Credit-default swaps (C.D.S.) are particularly dangerous. They allow people to buy insurance on the survival of a company or a country while handing them a license to kill. C.D.S. ought to be available to buyers only to the extent that they have a legitimate insurable interest. Generally speaking, derivatives ought to be registered with a regulatory agency just as regular securities have to be registered with the S.E.C. or its equivalent. Derivatives traded on exchanges would be registered as a class; those traded over-the-counter would have to be registered individually. This would provide a powerful inducement to use exchange traded derivatives whenever possible.

Finally, we must recognize that financial markets evolve in a one-directional, nonreversible manner. The financial authorities, in carrying out their duty of preventing the system from collapsing, have extended an implicit guarantee to all institutions that are “too big to fail.” Now they cannot credibly withdraw that guarantee. Therefore, they must impose regulations that will ensure that the guarantee will not be invoked. Too-big-to-fail banks must use less leverage and accept various restrictions on how they invest the depositors’ money. Deposits should not be used to finance proprietary trading. But regulators have to go even further. They must regulate the compensation packages of proprietary traders to ensure that risks and rewards are properly aligned. This may push proprietary traders out of banks, into hedge funds where they properly belong. Just as oil tankers are compartmentalized in order to keep them stable, there ought to be firewalls between different markets.
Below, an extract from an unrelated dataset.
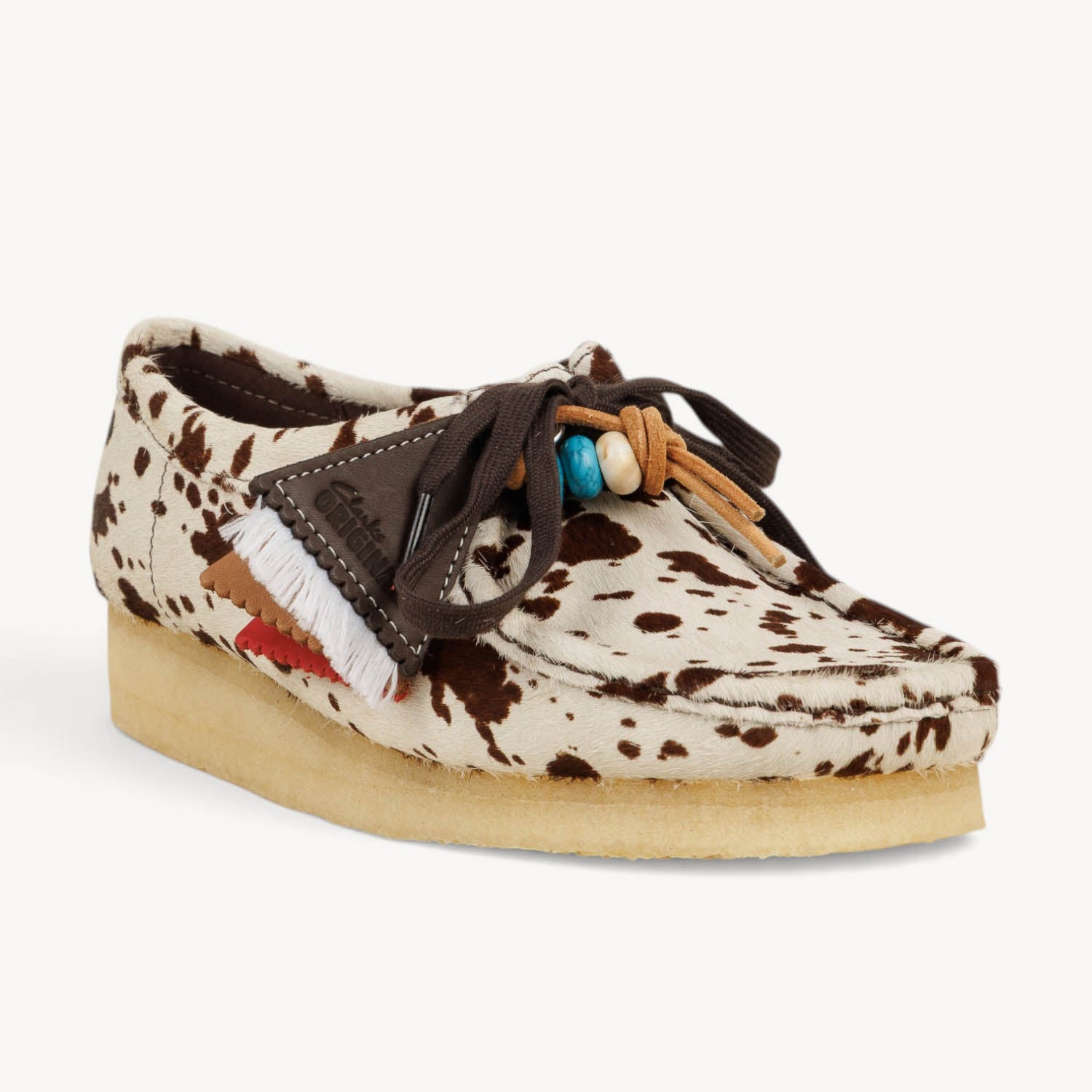 Derbies Femme CLARKS WALLABEE Multicolore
It is probably impractical to separate investment banking from commercial banking as the Glass-Steagall Act of 1933 did. But there have to be internal compartments keeping proprietary trading in various markets separate from each other. Some banks that have come to occupy quasi-monopolistic positions may have to be broken up.
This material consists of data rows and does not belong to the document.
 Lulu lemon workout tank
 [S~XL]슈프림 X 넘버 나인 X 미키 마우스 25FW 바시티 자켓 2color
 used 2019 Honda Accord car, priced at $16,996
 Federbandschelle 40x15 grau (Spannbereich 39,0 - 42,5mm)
While I have a high degree of conviction on these five points, there are many questions to which my theory does not provide an unequivocal answer. For instance, is a high degree of liquidity always desirable? To what extent should securities be marked to market? Many answers that followed automatically from the Efficient Market Hypothesis need to be re-examined.

It is clear that the reforms currently under consideration do not fully satisfy the five points I have made, but I want to emphasize that these five points apply only in the long run. As Mervyn King explained, the authorities had to do in the short run the exact opposite of what was required in the long run. And as I said earlier, the financial crisis is far from over. We have just ended Act II. The euro has taken center stage, and Germany has become the lead actor. The European authorities face a daunting task: they must help the countries that have fallen far behind the Maastricht criteria to regain their equilibrium while they must also correct the deficiencies of the Maastricht Treaty which have allowed the imbalances to develop. The euro is in what I call a far-from-equilibrium situation. But I prefer to discuss this subject in Germany, which is the lead actor, and I plan to do so at the Humboldt University in Berlin on June 23. I hope you will forgive me if I avoid the subject until then.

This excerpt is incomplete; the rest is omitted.